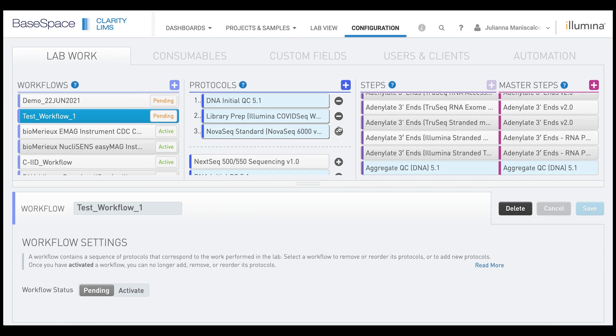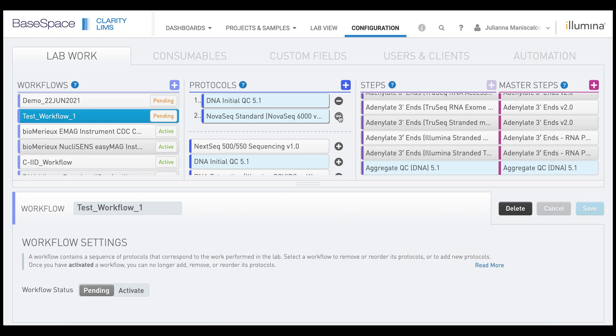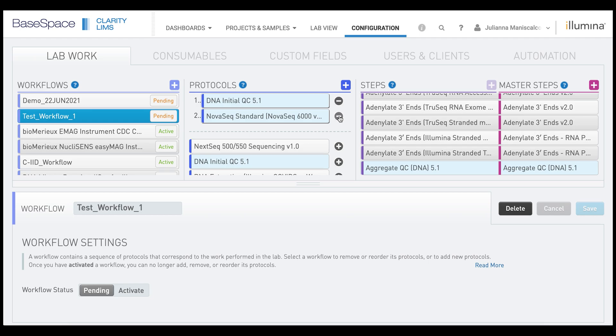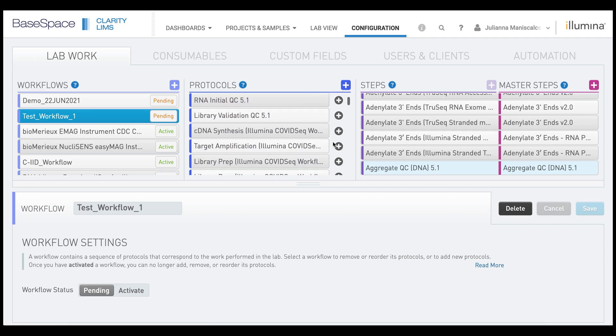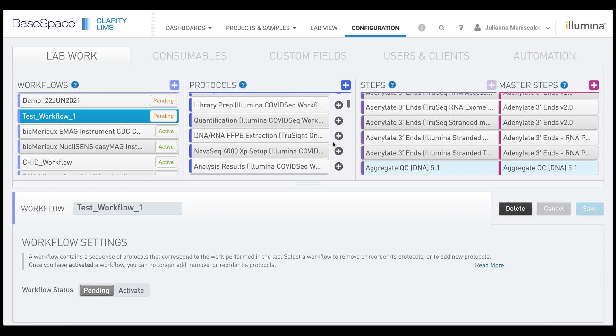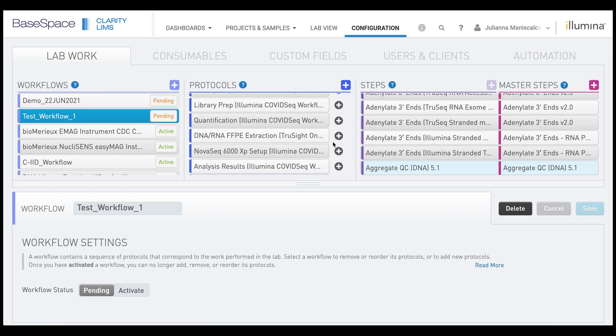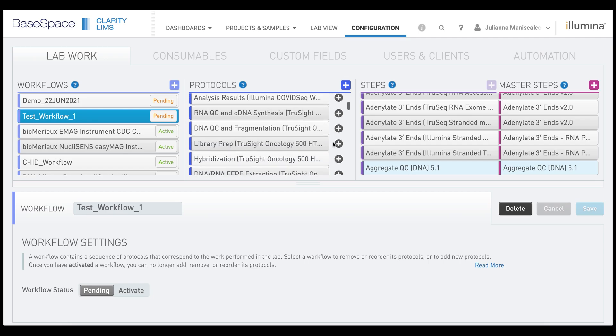If you made a mistake, you can click the minus next to the protocol name and it will remove it from the workflow list. You can then also add additional protocols to this workflow.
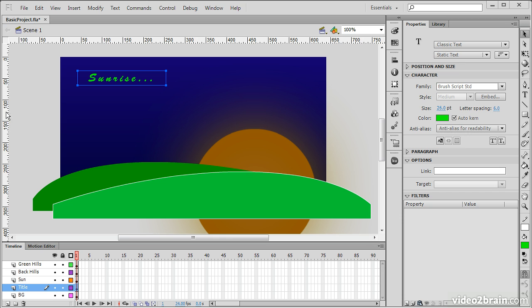So, these examples should give you a good idea of the sorts of things that you can adjust through the properties panel. Really, it can be used for adjusting the properties of any type of object within Flash Professional CS6.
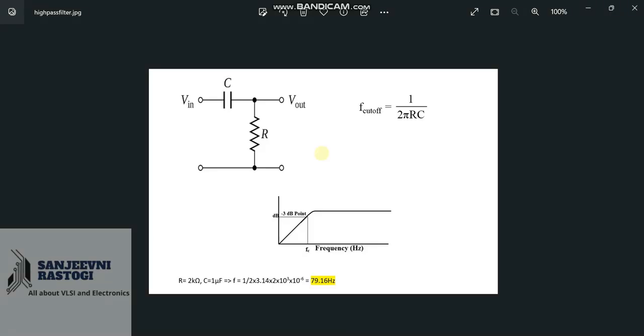As we can see in this picture, a high-pass filter is a circuit which passes all the frequencies greater than the cut-off frequency. In the circuit, we have a capacitor which is in series with the input voltage and a resistor parallel to it. The output voltage is measured across this resistor. The cut-off frequency is 1 by 2πRC and this cut-off frequency is nothing but the frequency at which the output voltage Vout becomes 70.7% of the input voltage.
..............................
-- Task brief --
Give back the full listing above word for word, and let no picture through.

-- Solution to the problem --
If you made a mistake, you can click the minus next to the protocol name and it will remove it from the workflow list. You can then also add additional protocols to this workflow.
So, these examples should give you a good idea of the sorts of things that you can adjust through the properties panel. Really, it can be used for adjusting the properties of any type of object within Flash Professional CS6.
As we can see in this picture, a high-pass filter is a circuit which passes all the frequencies greater than the cut-off frequency. In the circuit, we have a capacitor which is in series with the input voltage and a resistor parallel to it. The output voltage is measured across this resistor. The cut-off frequency is 1 by 2πRC and this cut-off frequency is nothing but the frequency at which the output voltage Vout becomes 70.7% of the input voltage.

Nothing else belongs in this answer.